Exercise: Only lines, not pictures: please repeat exactly the lines from the one with "InstaSeal Vacuum Food Sealer" through the end of the listing.

Data section:
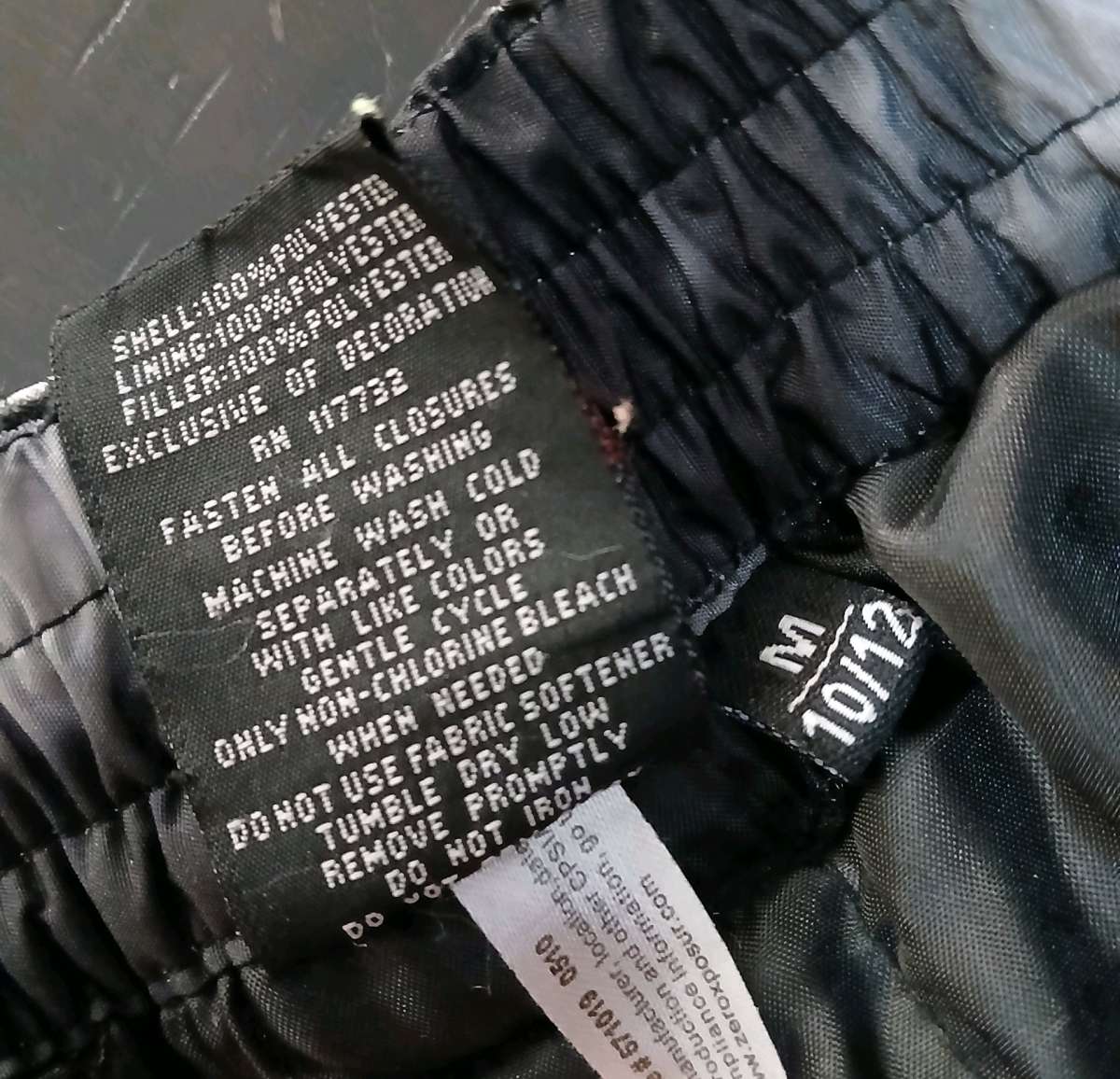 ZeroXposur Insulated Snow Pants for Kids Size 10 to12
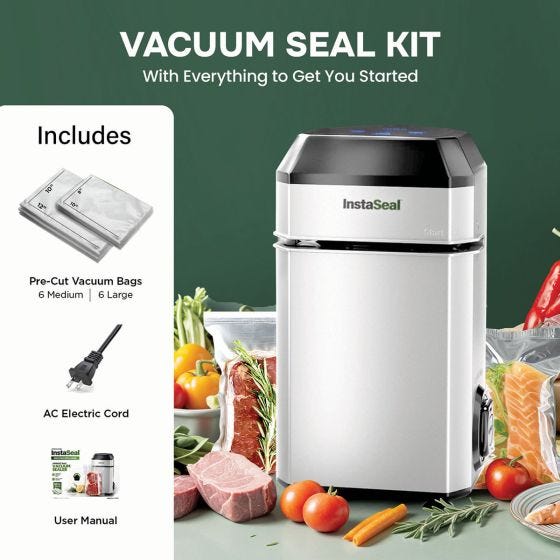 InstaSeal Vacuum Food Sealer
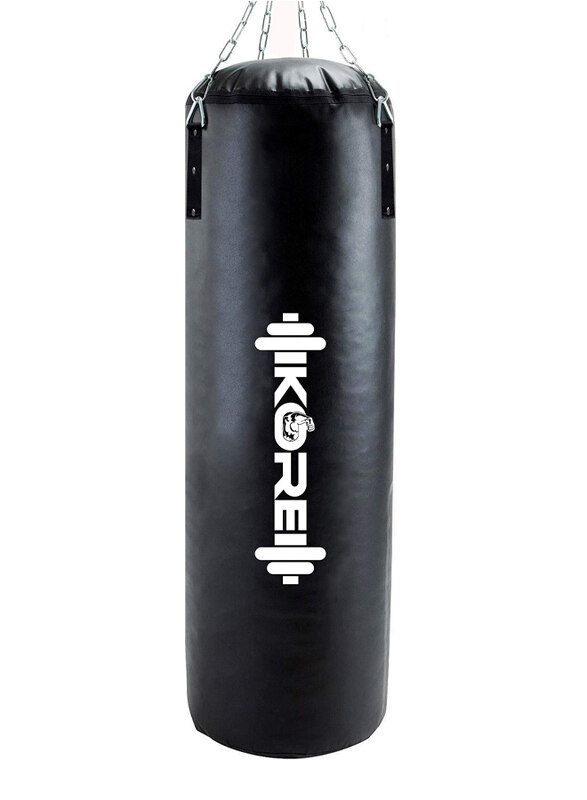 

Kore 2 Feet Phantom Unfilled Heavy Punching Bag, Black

Response below:
 InstaSeal Vacuum Food Sealer

Kore 2 Feet Phantom Unfilled Heavy Punching Bag, Black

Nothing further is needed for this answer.